If I have seen the Holy Spirit, I have also known stress. It seems to be ubiquitous. Is there anyone here this day who has not known how stress can dampen life’s joy and impair one’s health? This from the American Psychological Association in 2014:
Teens report that their stress level during the school year far exceeds what they believe to be healthy (5.8 versus 3.9 on a 10-point scale) and tops adults’ average reported stress levels (5.8 for teens versus 5.1 for adults). Even during the summer — between Aug. 3 and Aug. 31, 2013, when interviewing took place — teens reported their stress during the past month at levels higher than what they believe is healthy (4.6 versus 3.9 on a 10-point scale). Many teens also report feeling overwhelmed (31 percent) and depressed or sad (30 percent) as a result of stress. More than one-third of teens report fatigue or feeling tired (36 percent) and nearly one-quarter of teens (23 percent) report skipping a meal due to stress.
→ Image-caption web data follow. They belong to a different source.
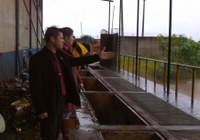 Gabinete: Jorge Tatsch fiscaliza o funcionamento da casa de bombas da Vila Palmeiras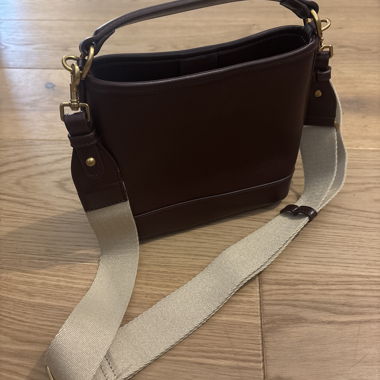 Bordeaux shoulder bag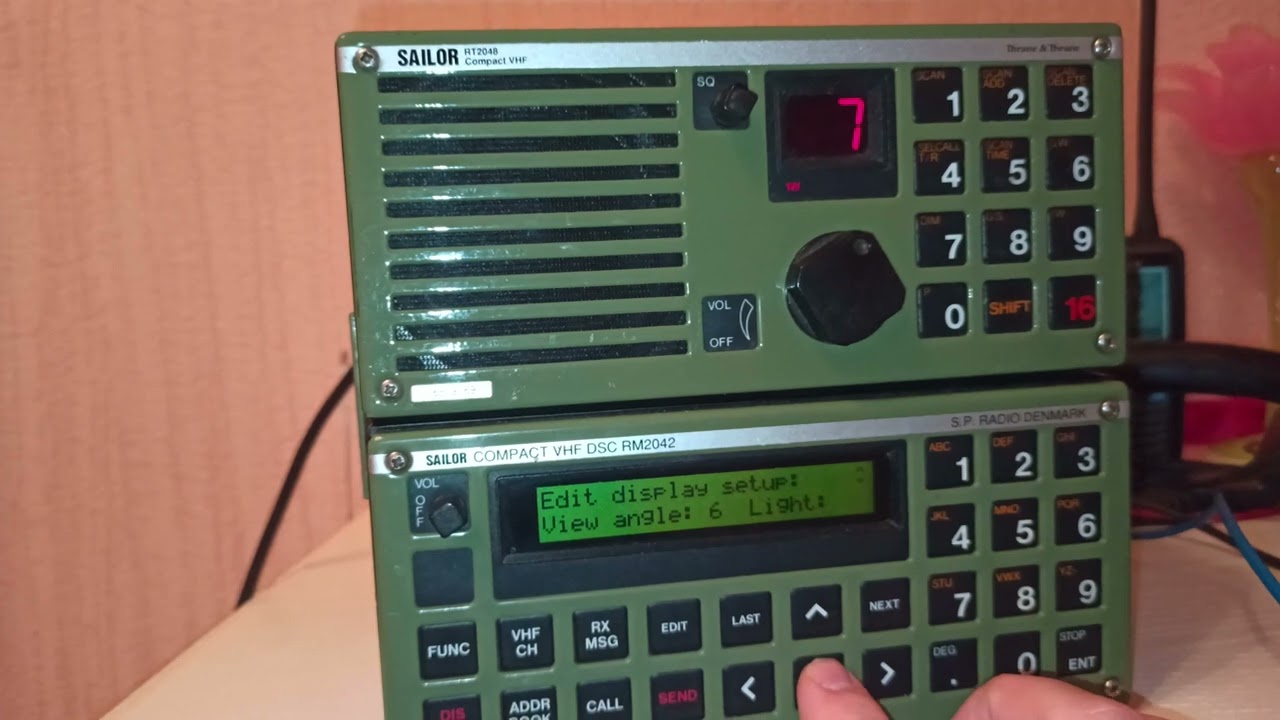 Sailor RT2048 VHF channel power level: Low/Hight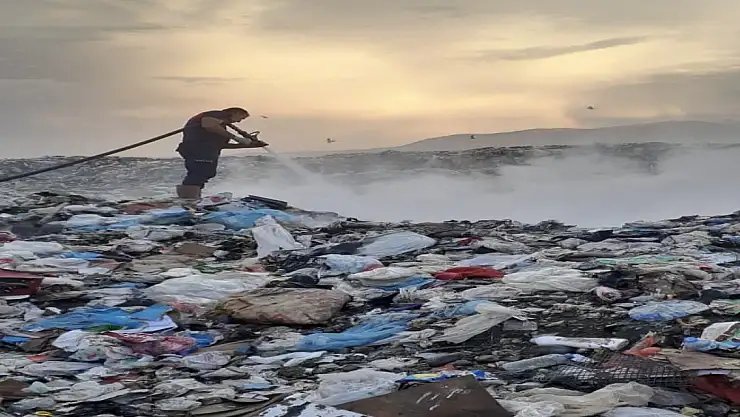 Ağrı Şehir Çöplüğü'nde yangın alarmı
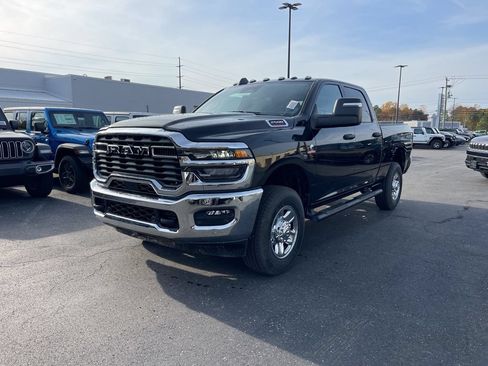New 2026 RAM 2500 Tradesman AWD/4WD image 2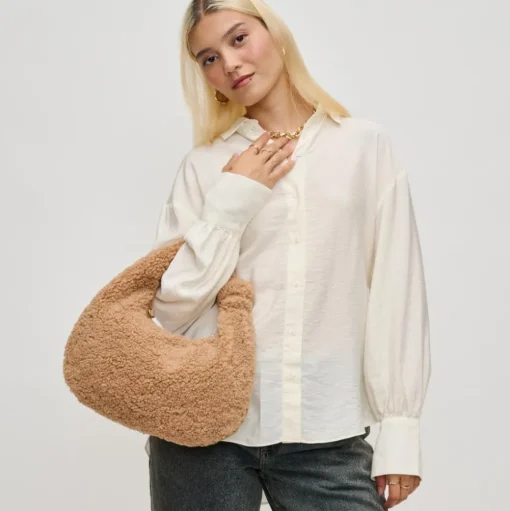 Charlene Hobo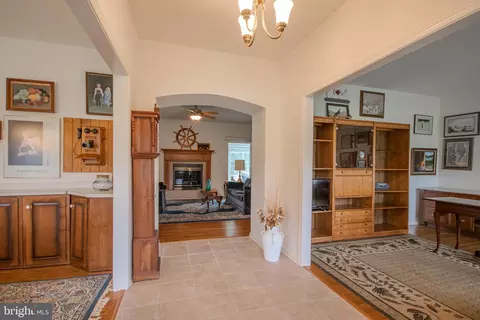 108 Davis Ct, Berlin, MD 21811 photo 4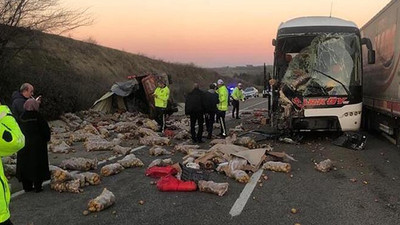 Yolcu otobüsü ile kamyonun çarpıştığı kazada 1 kişi hayatını kaybetti, 2 kişi yaralandı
So we must ask, is Paul right when he speaks of hardships and struggles building character? Are we asked to give thanks for what sounds like crippling stress among our young people? No. Paul is pointing the way to triumph over our hardships. The strength we gain is given by the gift of knowing the love of God. Paul was thrown into prison. Did he not know stress? Moses had to take on the power of a despot. Did he not know stress? Jeremiah had to deliver a hard message to a hard people. He was thrown into cisterns to die and ridiculed by those in power. Did he not know stress? They all did. They also knew the ultimate power of God and the problems that stood before them, would not stand. They found their strength in the loving spirit of God.
So one last thing I would ask of you this morning. Do not think of the love of God as some weak sentimental mush. It is far from soft and toothless. The love of God has led to the death of martyrs who would not let go of the plight of the poor and it led Jesus to the cross. The love of God is the strength in which we stand. There is nothing that can conquer you when the love of God is your motivation. Hold fast, then, to the God of heaven who loves you unconditionally and who will carry you through the struggles of life. Listen not to those who minimize the power of the Holy Spirit. Seek the Spirit’s presence and follow wherever it leads. In so doing, you find your power. Let us pray….
i Romans 5:1-5
1Therefore, since we are justified by faith, we have peace with God through our Lord Jesus Christ, 2through whom we have obtained access to this grace in which we stand; and we boast in our hope of sharing the glory of God. 3And not only that, but we also boast in our sufferings, knowing that suffering produces endurance, 4and endurance produces character, and character produces hope, 5and hope does not disappoint us, because God’s love has been poured into our hearts through the Holy Spirit that has been given to us.